**Task goal**
Write out each entry below exactly; the images do not belong in your copy.
*** Opening Extracted material ***
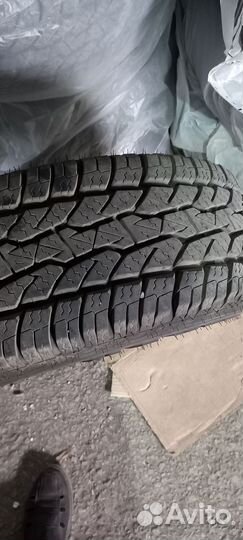 Maxxis AT-771 Bravo 215/65 R16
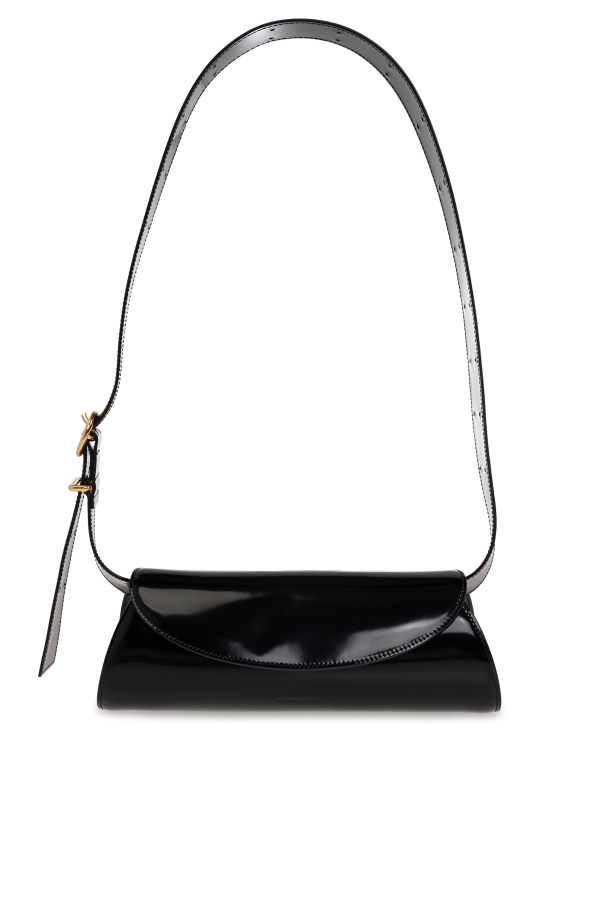 Bag ‘Cannolo’ od JIL SANDER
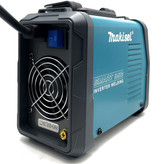 دستگاه اینورتر جوشکاری ماکیسل مدل SMART 350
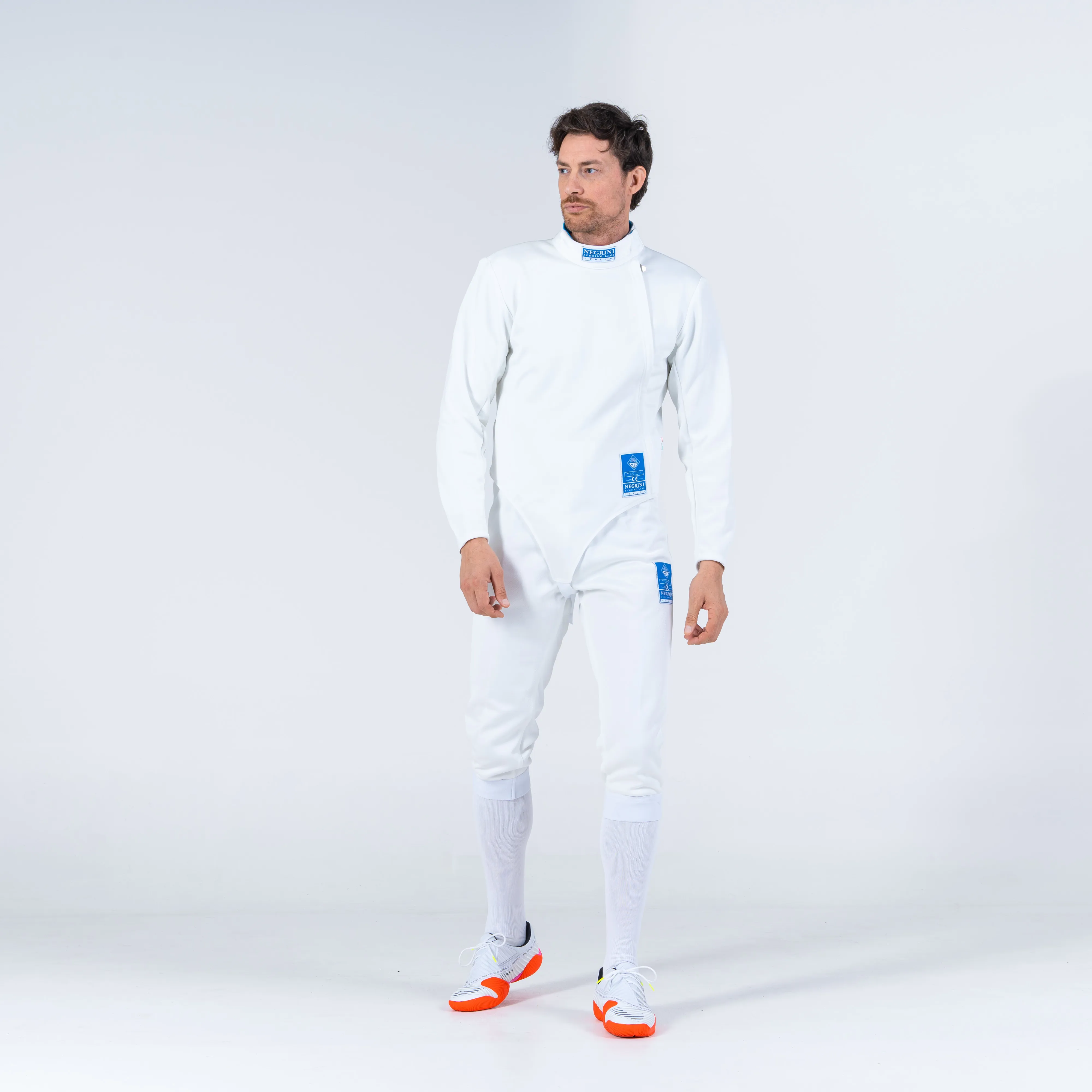 CE 350N Fencing UNIFORM UNISEX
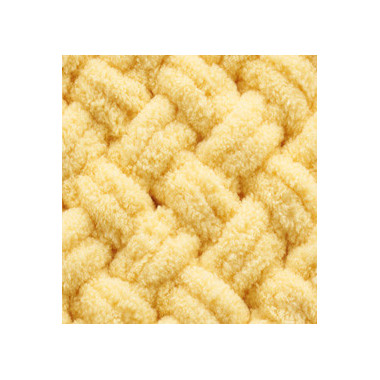 Yarn Alize Puffy sunflower (509)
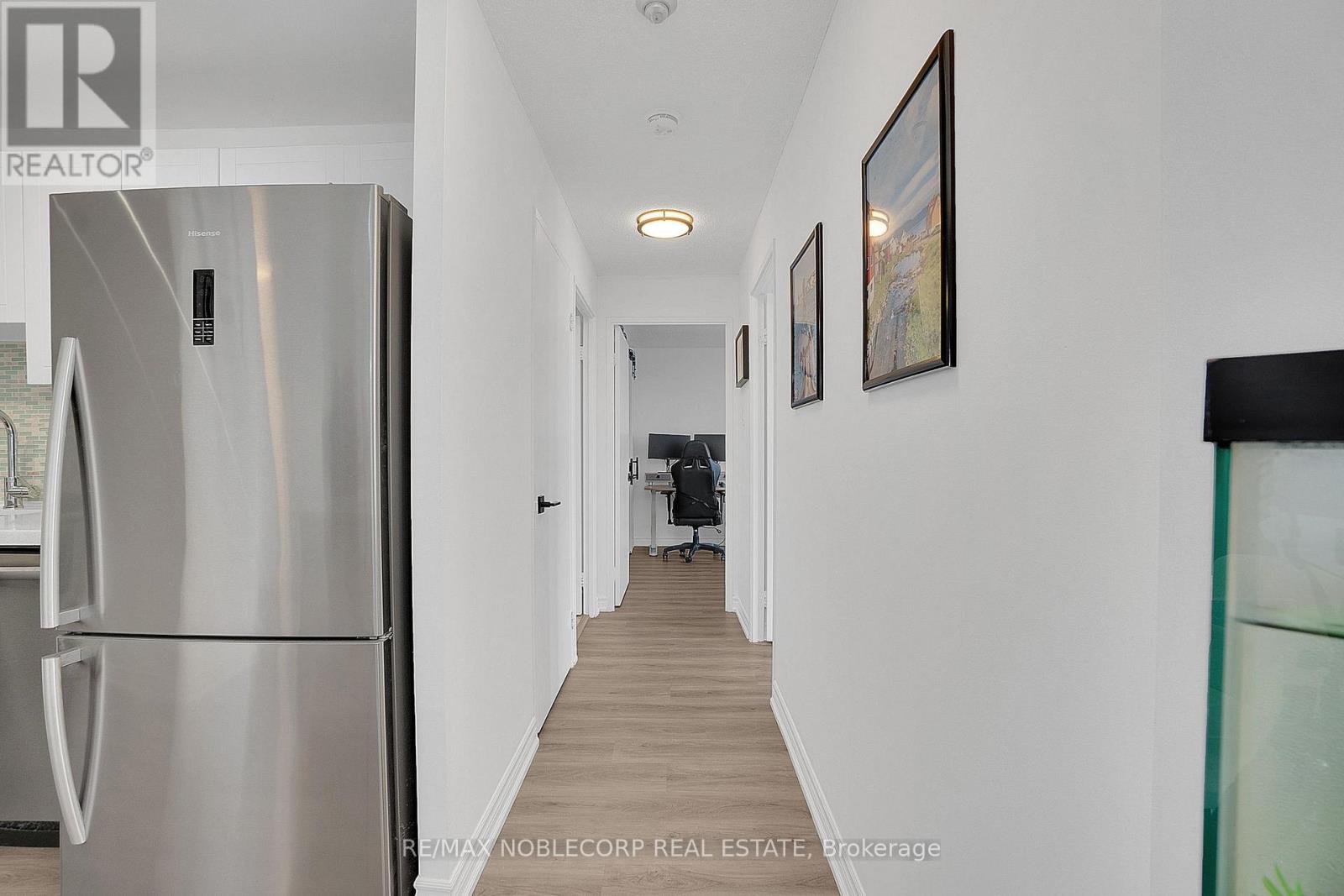 1902 - 4205 Shipp Drive, Mississauga, Ontario  L4Z 2Y8 - Photo 19 - W12770898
*** Closing Extracted material ***
**Reply**
 Maxxis AT-771 Bravo 215/65 R16
 Bag ‘Cannolo’ od JIL SANDER
 دستگاه اینورتر جوشکاری ماکیسل مدل SMART 350
 CE 350N Fencing UNIFORM UNISEX
 Yarn Alize Puffy sunflower (509)
 1902 - 4205 Shipp Drive, Mississauga, Ontario  L4Z 2Y8 - Photo 19 - W12770898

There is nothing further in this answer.